Files that are listed in .gitignore are not added to the repository and persist when a repository is cloned. However, if a file is already being tracked, then adding it to .gitignore does not untrack the file. To stop tracking a file that is currently tracked, use

git rm --cached filename

to remove the file from the tree. The file name can then be added to the .gitignore file to stop the file from being reintroduced in later commits.

Files that you want to exclude from tracking are often binary files that are the result of a build or compile, and large files. Also, if you are pushing to a public remote repository, make sure that no files containing sensitive information are added.

Committing changes

Once you track a file, Git keeps track of the changes to the file. Those changes are not reflected in the repository until you commit them with the commit command.

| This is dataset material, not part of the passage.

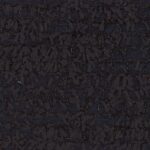 xx31567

A file change will not be committed to the repository unless it has been staged. git add will do that for you.

It is a good practice to add a descriptive message to the commit command that explains what changes are committed to the repository:

➜ git commit -m "Early stopping criterion for GLMM algorithm"

If you do not specify a commit message, Git will open an editor in which you must enter a message.

Tip

If Git opens an editor for you and this is the first time you find yourself in vi or vim, you might struggle with those editors. To set a different default editor on MacOS or Linux, set the EDITOR environment variable.

➜ echo $EDITOR

tells you whether a default text editor has been set.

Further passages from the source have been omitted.